* Source data *
□ □ □ □

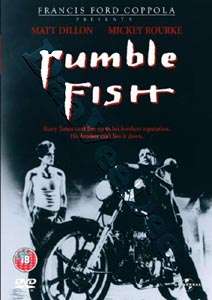 Rumble Fish NEW PAL Awards DVD Matt Dillon Coppola  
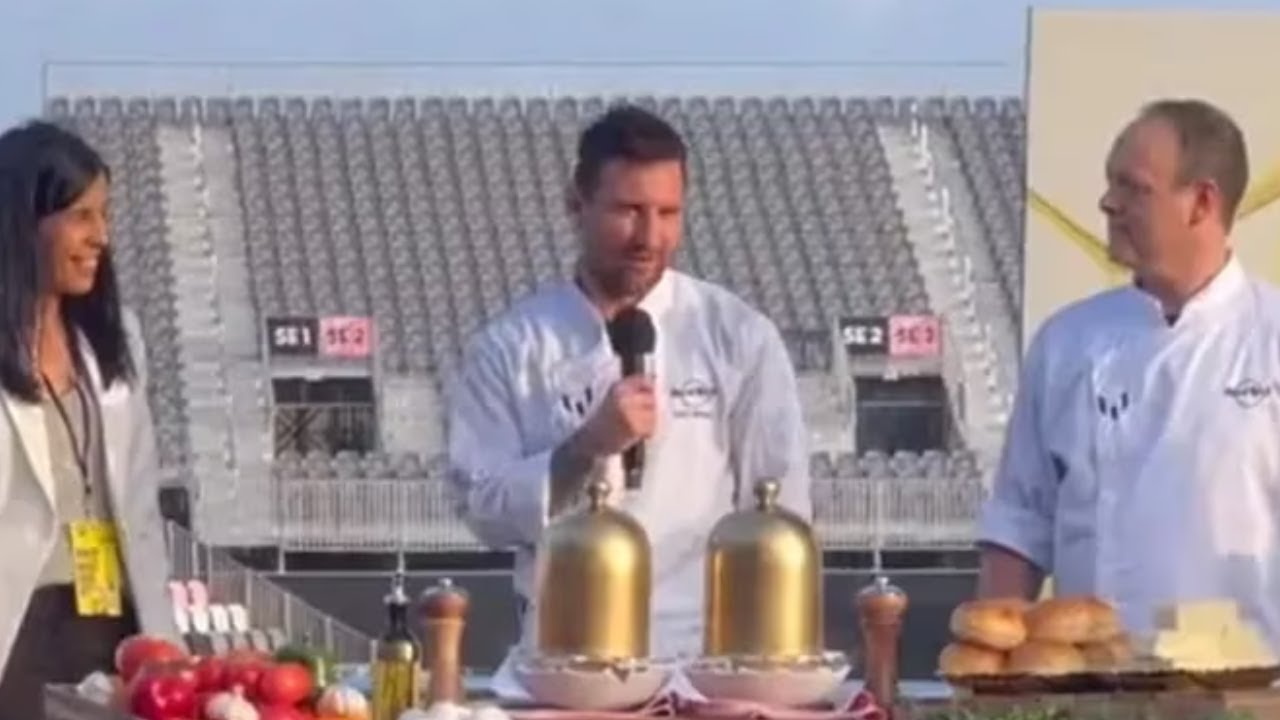 Messi se disfrazó de chef para presentar un menú infantil ante los hinchas del Inter Miami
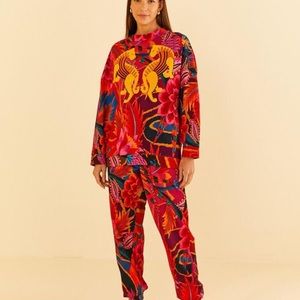 Farm Rio “onda de floral/floral waves” sweatshirt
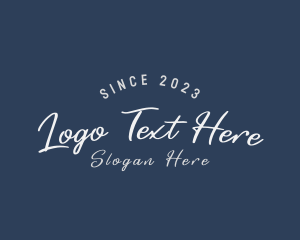 Cursive Business Craft Logo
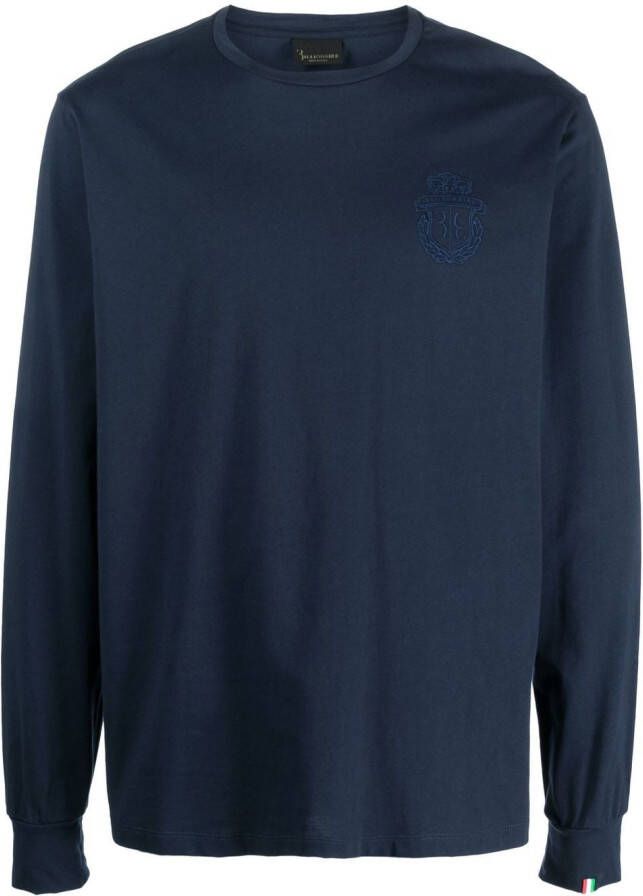 Billionaire T-shirt met lange mouwen Blauw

□ □ □ □

The entries above need to be printed again exactly; please exclude all pictures.

* Response below *
 Rumble Fish NEW PAL Awards DVD Matt Dillon Coppola  
 Messi se disfrazó de chef para presentar un menú infantil ante los hinchas del Inter Miami
 Farm Rio “onda de floral/floral waves” sweatshirt
 Cursive Business Craft Logo
 Billionaire T-shirt met lange mouwen Blauw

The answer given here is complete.